- **GIVEN MATERIAL**:
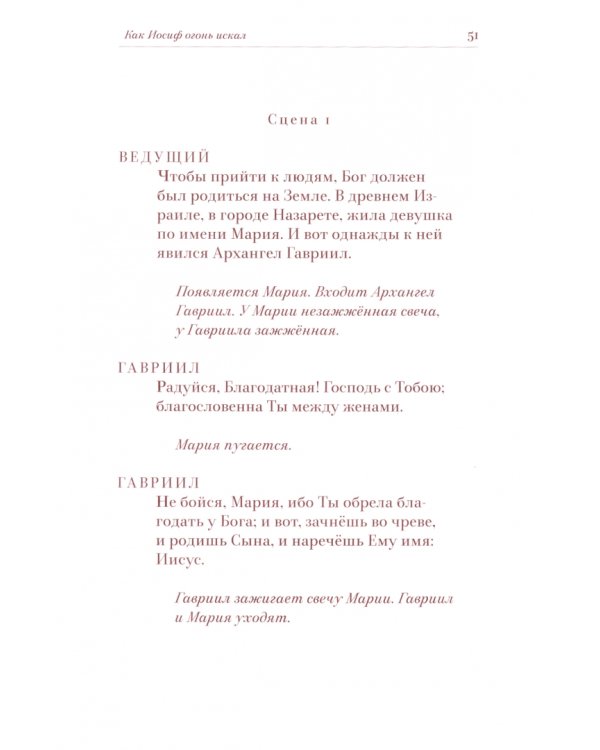 Тайны Рождества.Пьесы для домашнего и школьного театра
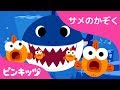 サメのかぞく | どうぶつのうた | ピンキッツ童謡 の動画、YouTube動画。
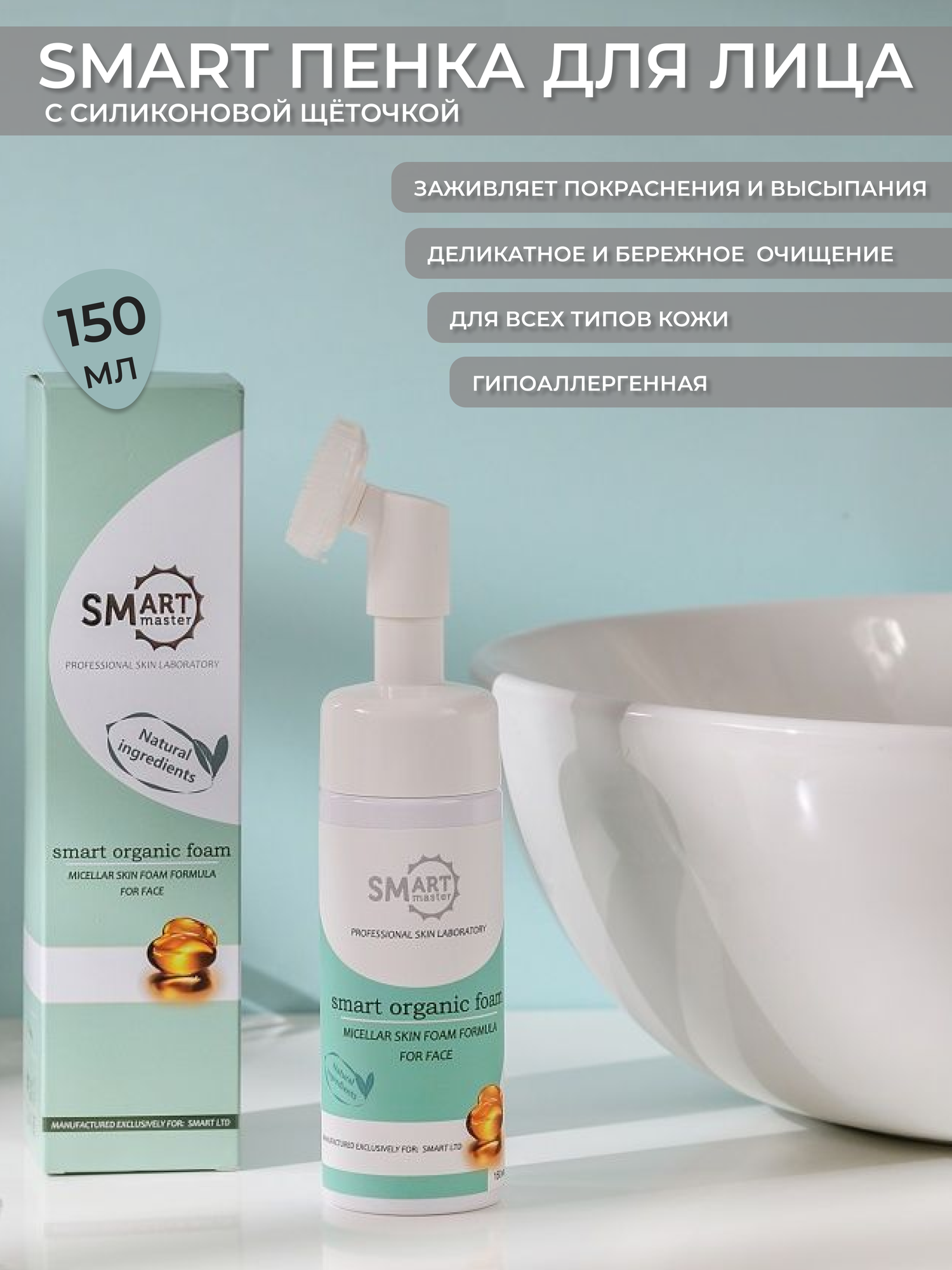 Пенка для умывания Smart Master с массажной щеткой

- **THE PROBLEM**: Please return the lines above exactly, with the pictures omitted.

- **WRITTEN RESPONSE**:
 Тайны Рождества.Пьесы для домашнего и школьного театра
 サメのかぞく | どうぶつのうた | ピンキッツ童謡 の動画、YouTube動画。
 Пенка для умывания Smart Master с массажной щеткой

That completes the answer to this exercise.